◆ Assignment ◆
Begin the copy at the line containing "dando mi idea a mi gerente" in the data below and end it at the line containing "Apple манипулирует топом", keeping each line exact and leaving out pictures.

◆ Records supplied ◆
•••

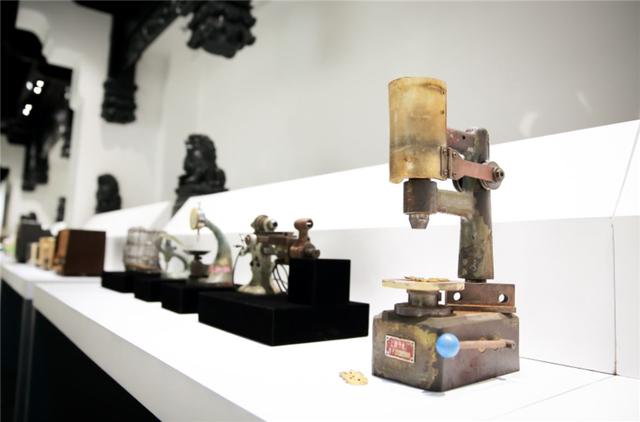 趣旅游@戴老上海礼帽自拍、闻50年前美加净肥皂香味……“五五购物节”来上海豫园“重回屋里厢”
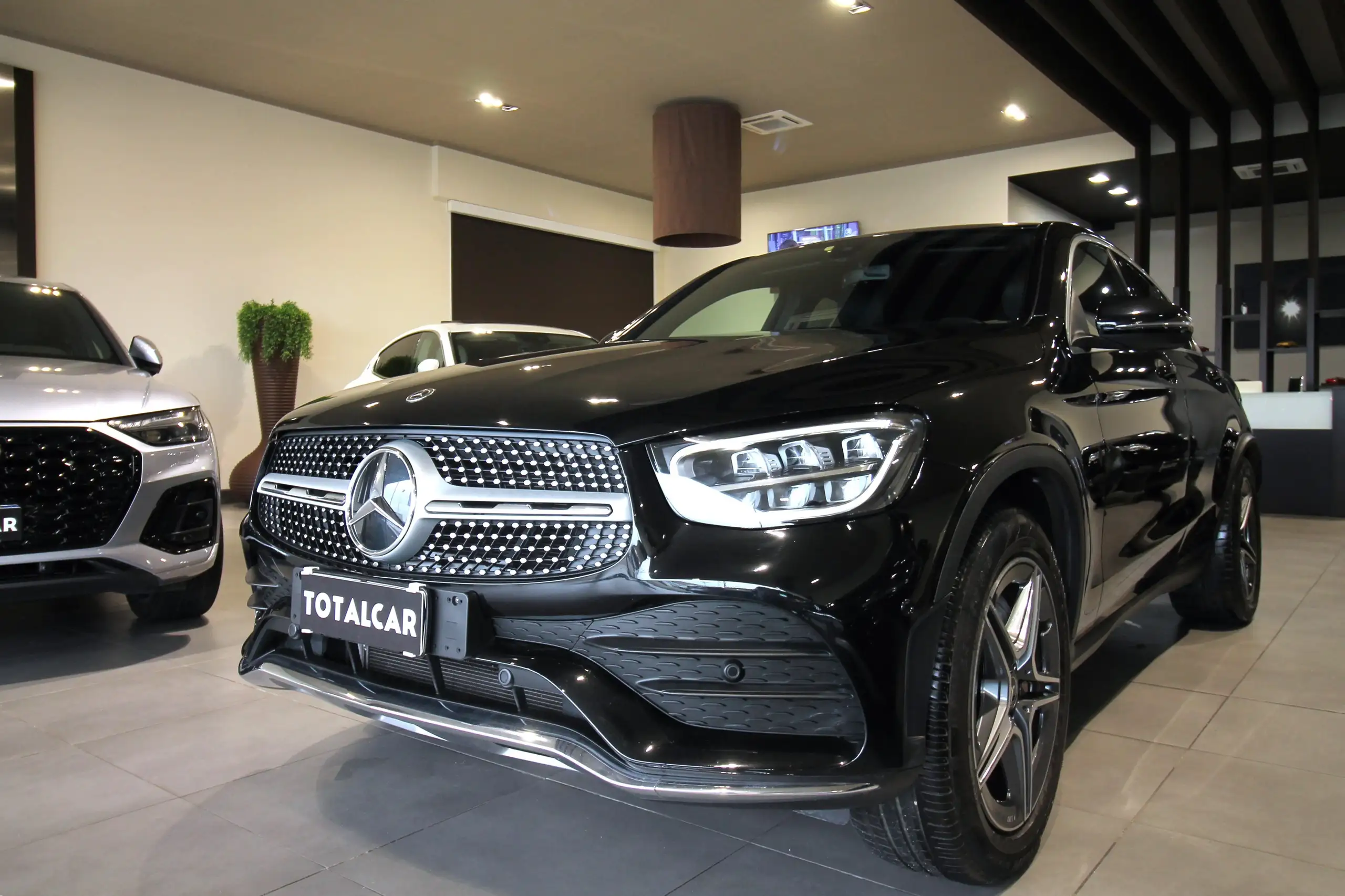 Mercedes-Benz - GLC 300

•••

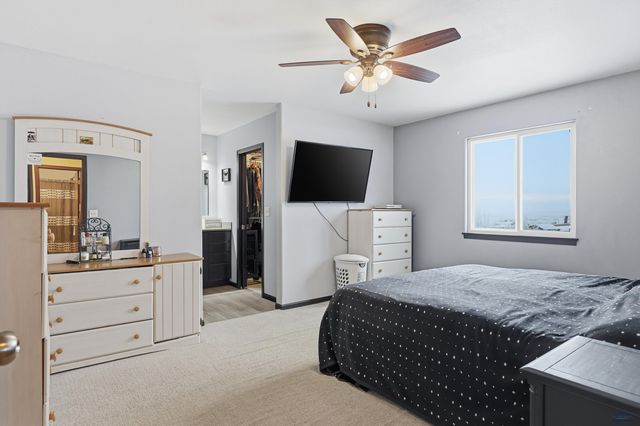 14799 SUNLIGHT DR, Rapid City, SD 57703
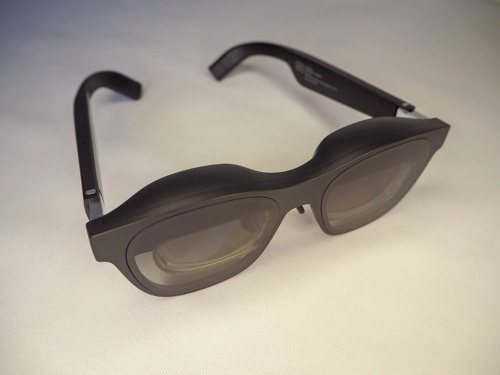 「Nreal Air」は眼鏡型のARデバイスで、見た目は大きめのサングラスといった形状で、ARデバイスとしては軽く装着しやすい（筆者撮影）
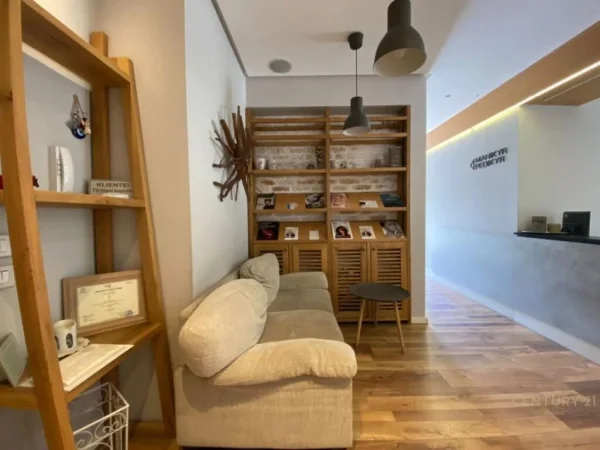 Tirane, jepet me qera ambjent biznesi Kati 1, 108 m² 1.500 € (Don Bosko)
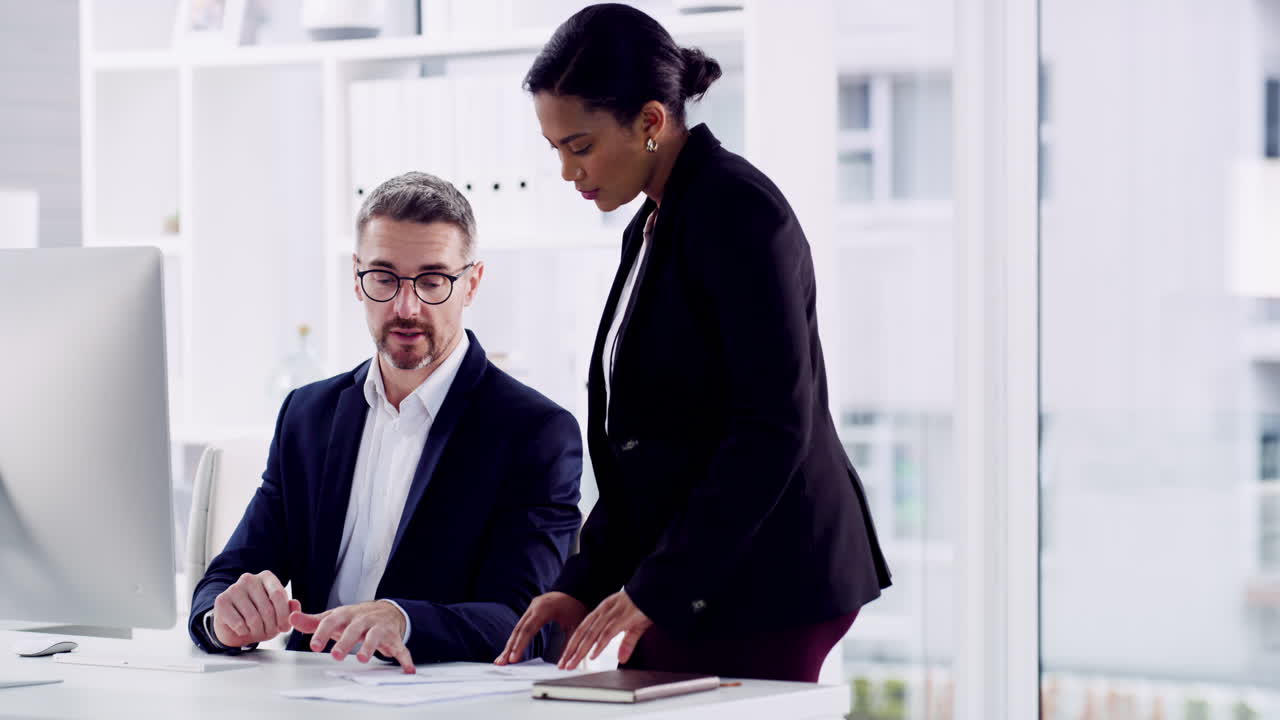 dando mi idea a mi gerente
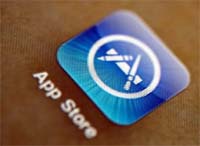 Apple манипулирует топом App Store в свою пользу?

•••

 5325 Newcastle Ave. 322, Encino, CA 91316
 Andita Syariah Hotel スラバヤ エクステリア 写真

•••

◆ Written reply ◆
 dando mi idea a mi gerente
 Apple манипулирует топом App Store в свою пользу?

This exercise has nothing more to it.